Being a first-time mum is a tough job – you’re thrown in at the deep end with no manual, no handover, no induction. You’re probably feeling pretty isolated, struggling to make new ‘mum’ friends. And you want to do your best for this perfect little being that’s come into your life, so the pressure you put on yourself is huge. But you’re struggling to get through this all in a sleep deprived haze, and everything – I mean everything – is harder when you’re walking round like a zombie.
Then there is the reality that newborn babies don’t really ‘do’ much. Sure, they’re cute, but spending all day every day with one is not the most riveting of experiences. After all, there’s only so many times you can sing ‘Row, row, row your boat’ before you question whether you’re starting to lose your mind. And although you can chat to your baby (and you will, because let’s face it, otherwise things would be pretty quiet), they’re not exactly great conversationalists.

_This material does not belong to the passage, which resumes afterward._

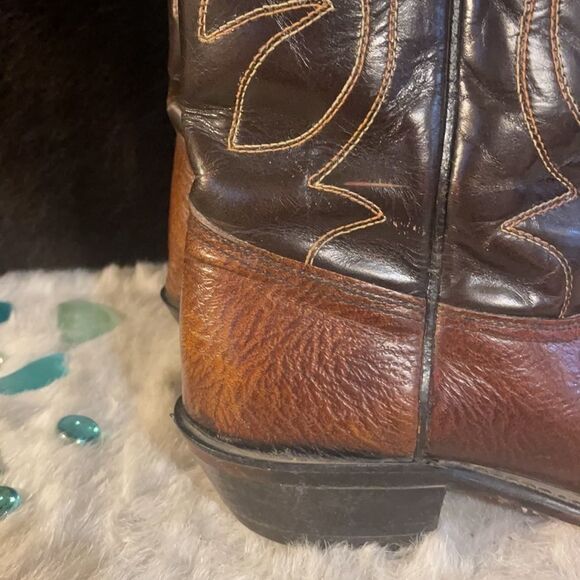 Circle A cowboy boots 10 (4828) - Picture 5 of 12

But with every month that has passed since we hit the 6 month mark, things have got gradually easier. At the end of every month, I’ve looked back and thought ‘this is the nicest age’. With every month that passes, my little boy becomes more responsive, more interactive, more of his own little person and, for me, that’s made things so much more enjoyable.
To any new mums out there who are struggling: it doesn’t get harder, it gets better with every month that passes. Sure, the challenges are different, but that’s all part of what makes being a parent such an exciting job. And every challenge is easier to face when you’ve had a few solid hours of sleep!
What’s the most annoying piece of advice you’ve been given as a parent?